The grain problem was worsened, though, by what many in the 'Austrian' half of the state complained of as Hungary's tendency - being the empire's agricultural heartland - to look after itself before delivering anything to Austria. In fact, the first destination of Hungarian surpluses was the army, although Hungarian civilians' rations were still maintained at a higher level than Austrians' were. Two
meatless days per week had to be imposed in Austria, and inflation - as was the case in all the belligerent countries - outstripped wages by some degree.
Price riots hit Vienna in January, May and September 1916, and culminated in the
strike wave of January 1918. Only a few months after the
October Revolution in Russia, Karl was sufficiently disturbed by these strikes to hasten the peace talks with
Bolshevik Russia at
Brest-Litovsk, which were intended to allow Austria-Hungary access to grain - which never in fact arrived - from the
Ukraine.
'Prison of Peoples'
These shortages affected all the Habsburgs' subjects equally, at least, those without access to the thriving
black market.
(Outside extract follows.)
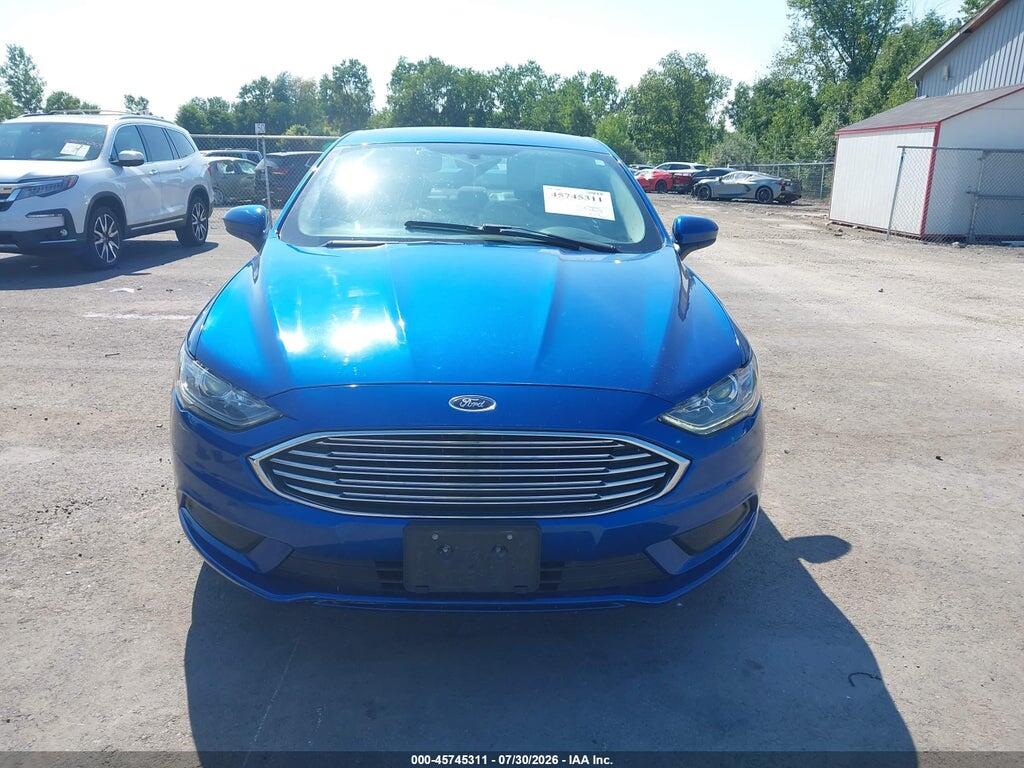 3FA6P0HD1HR251012 2017 FORD FUSION photo no. 12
Certain nationalities also had particular grievances against the military administration in Austria, where several hundred Serbs were reported to have been executed almost immediately war broke out for the sake of
national security; Romanians, too, were repressed after their nation became an enemy. The Czechs, meanwhile, resented the arrest and condemnation to death of their chief nationalist leader,
Karl Kramar, and Masaryk and the Yugoslavs made much of such cases in their propaganda abroad.
On the 'Austrian' side,
martial law had essentially been imposed on regions close to the front. No such provisions applied in Hungary, where the civilian government retained control over the military, but Magyar politicians were not known for their sensitivity towards the non-Magyar nationalities. Seton-Watson, in fact, had made his name as an Austro-Hungarian expert before the war with his éxposé of Hungarian officials' less than democratic behaviour in the Croatian elections of
1910.
When Karl came to power, he attempted to turn back martial law to some extent, pardoning Kramar and his colleagues and allowing the Austrian parliament, the
Reichsrat, to reopen. During its first session in May 1917, the Czech and South Slav deputies declared themselves in favour of some kind of federalisation scheme which would give them a viable system of self-government.
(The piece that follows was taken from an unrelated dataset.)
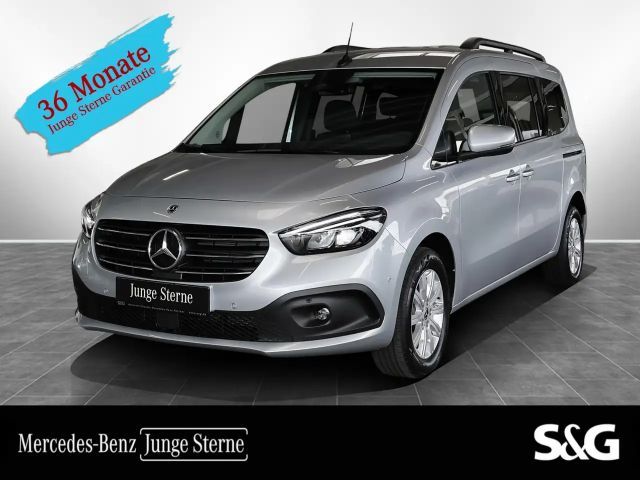 Mercedes-Benz T-Klasse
Karl was not unsympathetic to federalist reform; neither, in fact, had
Archduke Franz Ferdinand been, but his programme had run aground on the Magyars' refusal to dilute their political power in Hungary. In 1917, when the Entente had been seriously considering peace with Austria, British Foreign Office staff had recommended federalism too, possibly a four-way system with units for the Germans, Magyars, Czechs and South Slavs.
Karl's relaxations of censorship had given nationalists more freedom to debate their - and therefore his - future, and the amnesty he extended to the Czech leaders in July 1917 had upset, for the first time, the Austrian Germans, whose rivalry with the Czechs in Bohemia had effectively paralysed Austrian political life thanks to the two groups' mutual obstructionism in the Reichsrat.
Most of the nationalities were not actually separatist in 1917, a fact reflected in the tone of the
May Declaration. Masaryk, who was, explained the declaration away as the most that the deputies could get away with under the conditions of Austrian censorship, but it is more likely that Vienna's failure to conclude the peace they called for
then began to persuade them towards the open separatism they displayed at a series of demonstrations in May 1918 ostensibly commemorating the
Czech National Theatre.
National Councils
In 1918, when Austria-Hungary's enemies finally appeared to be developing an interest in the nationalities, declaring for the Entente became a way to signal that they no longer trusted the Habsburgs' state to provide for them. The Allied recognition of the Polish and Czech armies as fully-fledged Entente belligerents, and their sponsorship of the
Rome Congress of Oppressed Nationalities in April 1918, persuaded the nationalities that, if nothing else, their own states could hardly do a worse job.
By October 1918, Austria-Hungary's central government had all but failed to operate, unable to cope with disorder from the home front and the
green cadres, let alone feed the population. National Councils were formed early that month in Prague and
Zagreb (the embryonic National Council in
Ljubljana, the Slovenes' capital, quickly affiliated to the latter); by the time Karl offered his final plan for federalist reform on October 16, there was hardly a state to be federalised.
The Entente's recognition of the Czech National Council had already been ensured by an August agreement, and Masaryk returned to Prague as Czechoslovakia's first president. The Yugoslavs, as ever, found it more difficult, and Zagreb's headache was compounded by a contest with Italian troops attempting to occupy the territory included in the Treaty of London, as well as the city of
Rijeka - not even included in the Treaty - which had traditionally been Hungary and Croatia's major port. By December 1, 1918, the National Council in Zagreb had unified with the Kingdom of Serbia for the sake of its available military power, postponing controversial talks on the constitution of the new Yugoslavia.
All The Emperor's Men
Before the
Paris Peace Conference had begun, Austria-Hungary's successor states had already declared themselves.
Woodrow Wilson and his colleagues were accused of carving up the map of Europe at the time, and since; but re-assembling the Habsburg empire amid the chaos of late 1918 would have taken military commitments that the exhausted belligerents were not prepared to make.
Still, it took some time for Karl's supporters to accept that the Monarchy could not be repaired, and for several years they attempted to establish him as King of Hungary. After
Béla Kun's abortive Communist revolution in
1919, the country was ruled by the reactionary
Miklos Horthy: since Hungarian nationalism clung so strongly to Hungary's traditional privileges, he was ostensibly the
regent for the Habsburgs. Karl took him at his word, and was helicoptered into suburban Budapest in
1921. Right-wing students fought him back, and he was packed off to exile on
Madeira.
During the empire's last years, those who preferred to keep Austria-Hungary intact argued that the successor states would be unable to solve their territorial disputes without war, or to avoid becoming economic satellites of a resurgent
Germany. Indeed, Hungary's grievances at the
Treaty of Trianon, which went beyond the
nationality principle and apportioned Magyar-dominated territory to her neighbours, were the foundations of the region's instability for the next twenty years.
During the 1930s, the successor states did move into Germany's economic orbit, although this was not pre-determined in 1918. Post-war French security policy envisaged the successors as a
cordon to German expansion, and France brokered the
Little Entente between Czechoslovakia, Romania and Yugoslavia, but was not able or willing to back it up with reliable economic links.
By the end of the war, the Austro-Hungarian state had lost the allegiance of too many of its population for its continued existence to be viable. True federalism arrived too late, but central Europe's
latest experiment might make some of the empire's nostalgics wonder if Karl's last resort had finally come of age.